Mark Driscoll não é um escritor. É um pregador de impacto, com muito estilo e risco, como que fazendo justiça à velha tradição americana dos
fire and brimstone sermons. É certo que Driscoll é muito mais que choque apocalíptico (esse campeonato parece-me ganho pelo Paul Washer) e por isso vale a pena reconhecer o percurso que tem feito em quase 20 anos de pregação. A sua Igreja, Mars Hill, é um lugar de teologia sólida e alcance missionário ambicioso. É por isso absolutamente injusto reduzir Mark aos clips do Youtube menos prudentes. Mas também é verdade que o terreno volta e meia escorrega e, quem o segue, conhece-lhe os mais ou menos regulares pedidos de desculpa públicos acerca de algo que escreveu ou disse sem pensar muito antes.

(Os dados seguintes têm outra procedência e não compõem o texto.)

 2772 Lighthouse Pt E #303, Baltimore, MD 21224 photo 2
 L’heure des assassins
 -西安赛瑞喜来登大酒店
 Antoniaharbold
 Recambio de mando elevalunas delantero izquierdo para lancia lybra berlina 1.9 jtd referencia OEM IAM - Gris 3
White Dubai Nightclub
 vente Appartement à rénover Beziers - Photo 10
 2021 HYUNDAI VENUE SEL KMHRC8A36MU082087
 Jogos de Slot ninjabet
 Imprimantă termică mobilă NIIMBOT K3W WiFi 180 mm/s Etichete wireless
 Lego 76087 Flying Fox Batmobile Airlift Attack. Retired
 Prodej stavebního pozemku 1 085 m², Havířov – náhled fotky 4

Mark Driscoll já escreveu uns quantos livros e eu, só tendo lido este, creio que a sua bibliografia será principalmente uma aglomeração razoavelmente bem sucedida dos temas dos seus sermões. Isso seguramente sente-se em "Real Marriage" onde não existe um rumo narrativo muito nítido mas um encadeamento de opiniões, experiências e conselhos. Que de modo algum desclassificam o livro de interesse, antes pelo contrário. Destaco o relato da vida pessoal do casal Mark e Grace positivamente pela aproximação sincera e persuasiva que atingem nos leitores, negativamente pela imprudência de fazerem de alguns das suas experiências, bastante questionáveis nas lições que delas tiram, momentos demasiado relevantes das suas convicções (as visões de Mark ou a obsessão pelos efeitos do "sexual abuse"). Todavia, dificilmente alguém pode ser indiferente à força e despojamento da Família Driscoll como meritório exemplo cristão num assunto que os tempos amedrontados nos fazem mais olhar para os nossos telhados de vidro que ousar dar testemunho.

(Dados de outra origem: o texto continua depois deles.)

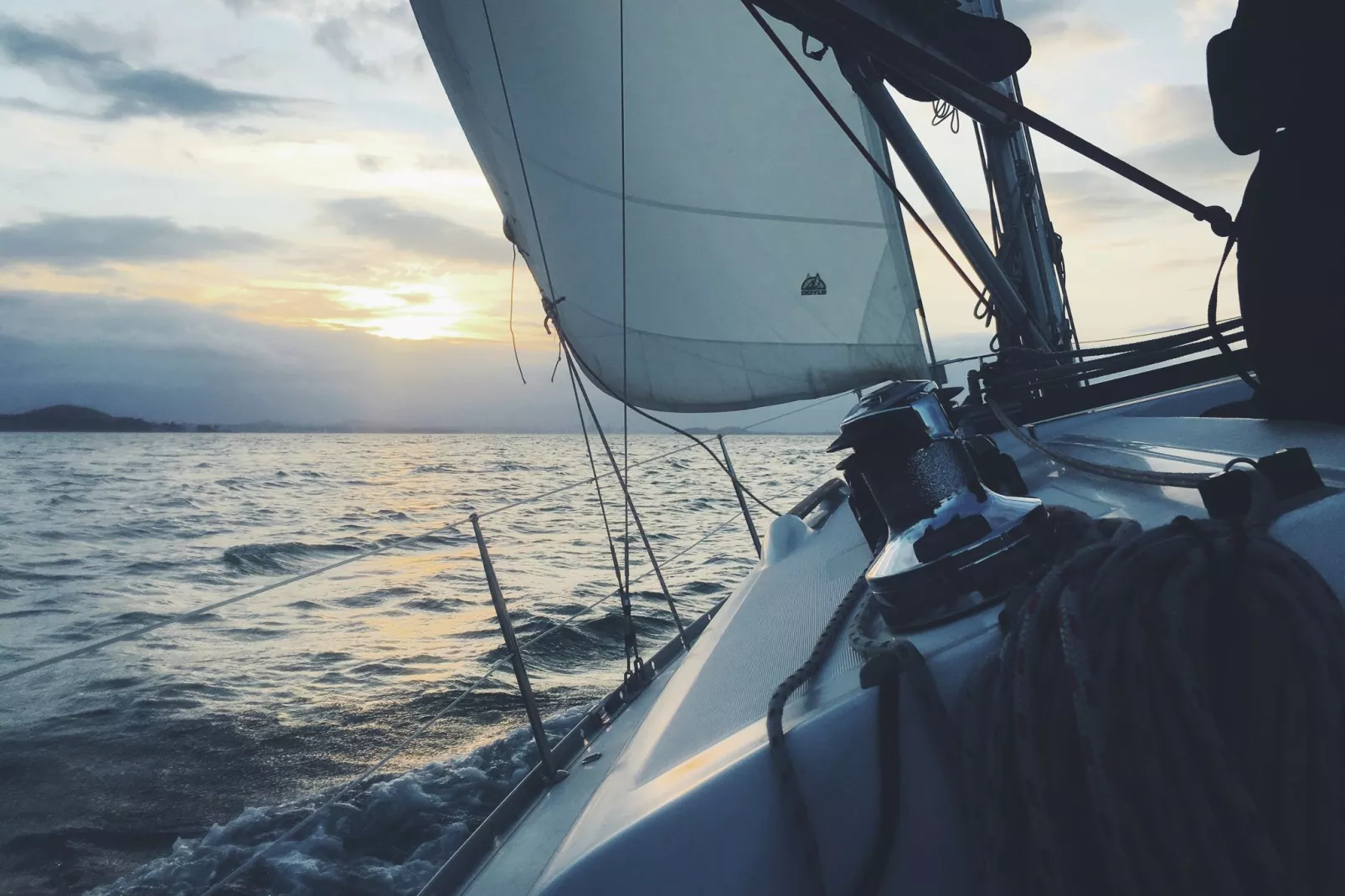 Water Resort Oosterschelde 16-Areas summer 5km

Nota última para os rumores acerca do Capítulo 10, onde o texto se vira para o que um casal cristão fiel poderá ou não ou deverá ou não fazer na cama. Ia escaldado e talvez por isso tenha achado que não há razão para tanto barulho. É, no entanto, certo que os conselhos dados pecam mais por defeito que definição, uma vez que a leitura crítica dos Driscolls em relação aos novos fenómenos íntimos (
have I just said fenómenos íntimos?) é demasiado superficial. Dizer que a Bíblia não condena alguma coisa sem oferecer mais contexto sobre a coisa de que se fala está mais próximo da preguiça que da prudência.
Tim Keller é outro campeonato porque além de ser um pregador intelectualmente estimulante (
have I just said intelectualmente estimulante?) é também um escritor. Este é o terceiro livro que leio de Keller e é precisamente por ser um discípulo de C.S. Lewis que não pode ser posto no mesmo patamar do Mestre. Os seus livros são todavia uma das melhores coisas a acontecer a este Mundo nos dias que correm. E o encanto de Keller é conseguir atingir um apreço semelhante nas pessoas que têm a mesma fé cristã dele e nas outras também. O que naturalmente chateia outros tantos.

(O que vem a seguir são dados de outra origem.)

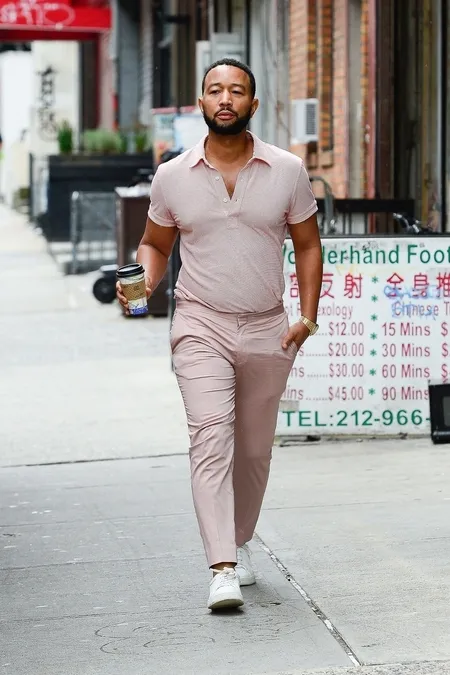 Foto John Legend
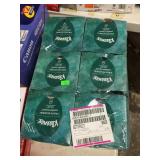 Qty 6 Boxes Kleenex Professional Comfort Touch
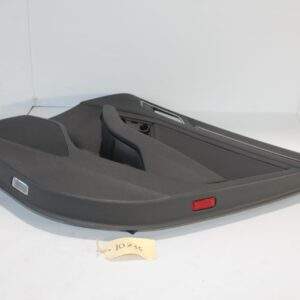 Audi 8V A3 S3 RS3 Drivers RH Rear Door Card 8V5 867 306 - Image 10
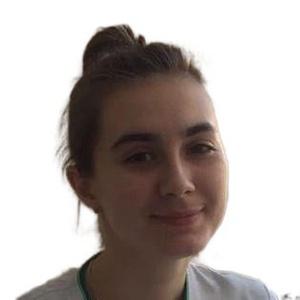 Родионова Виктория Александровна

Curiosamente, The Meaning Of Marriage resulta de uma série de sermões que Keller deu na Redeemer Presbyterian há mais de vinte anos, ao passo que Real Marriage de Driscoll foi escrito primeiro para agora resultar numa série de sermões que dá um pouco por todos os Estados Unidos. O livro de Keller parte da passagem do capítulo cinco da Carta aos Efésios e não dispersa muito, mostrando que bons contornos fazem bons objectos. The Meaning Of Marriage é convincente e bonito, gracioso e profundo, convidativo e ortodoxo, e outros pares de adjectivos que nos dão vontade de ir à florista mais próxima para comprar ramos para a nossa esposa (este é um momento de confissão de pecados porque se a minha mulher me avaliasse pelas flores que já lhe ofereci o nosso casamento era um deserto no lugar do recomendável jardim). Ou seja, a cena recomendável na dramaturgia matrimonial dos nossos dias.
Nota derradeira e pessoal. O que é melhor que um bom marido a escrever bem sobre o casamento? Um bom marido e uma boa mulher a escreverem bem sobre o casamento. Acontece. Ambos os livros são escritos pelos casais (embora Kathy Keller não tenha a proporção de Grace Driscoll). E o que é melhor que um marido esforçado a ler um bom livro sobre o casamento? Um marido esforçado e uma mulher esforçada a lerem um bom livro sobre o casamento. Acontece. Lá em casa foi assim.